- _WORK INSTRUCTION_
Each line of the material below is to be checked for "that"; the number of matching lines is the only output expected.

- _ENTRIES SUPPLIED_
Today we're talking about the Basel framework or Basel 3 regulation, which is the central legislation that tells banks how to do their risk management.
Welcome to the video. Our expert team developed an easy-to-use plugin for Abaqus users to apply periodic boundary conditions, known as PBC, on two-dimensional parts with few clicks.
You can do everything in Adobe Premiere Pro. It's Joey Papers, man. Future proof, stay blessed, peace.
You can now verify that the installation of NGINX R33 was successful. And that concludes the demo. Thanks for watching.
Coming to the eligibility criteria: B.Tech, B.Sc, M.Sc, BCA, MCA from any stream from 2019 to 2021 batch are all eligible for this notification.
==
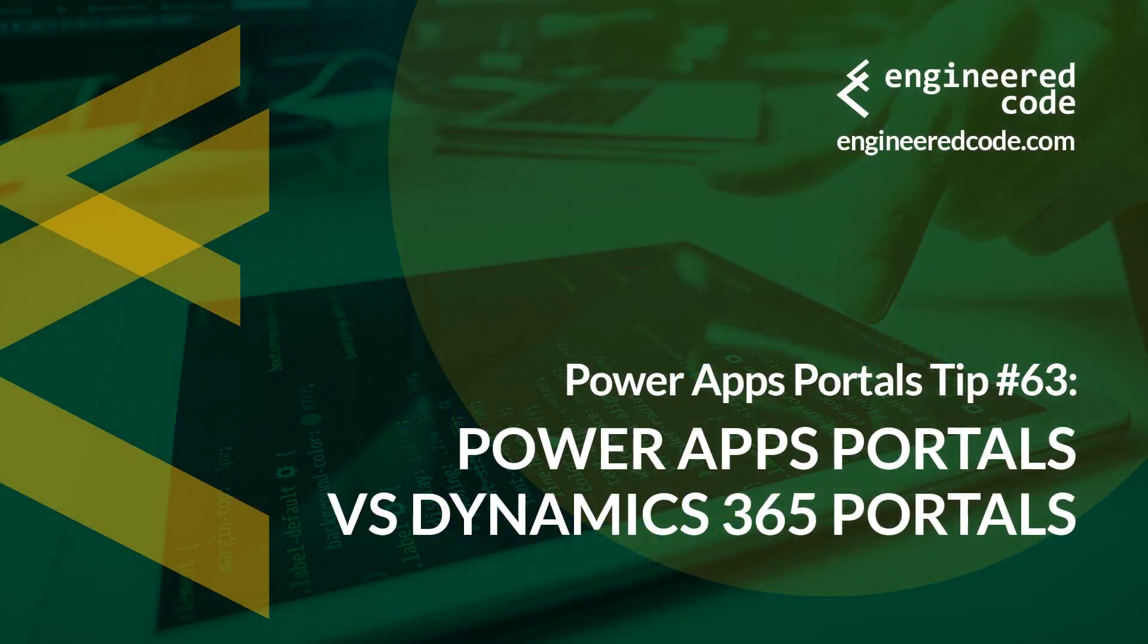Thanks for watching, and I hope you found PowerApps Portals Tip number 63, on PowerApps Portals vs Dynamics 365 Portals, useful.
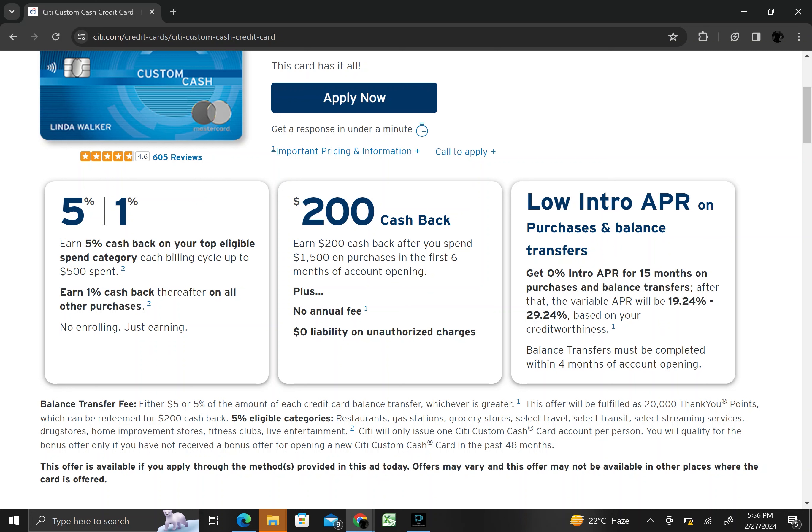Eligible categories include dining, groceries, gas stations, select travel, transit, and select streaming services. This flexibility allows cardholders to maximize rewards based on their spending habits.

- _WRITTEN ANSWER_
2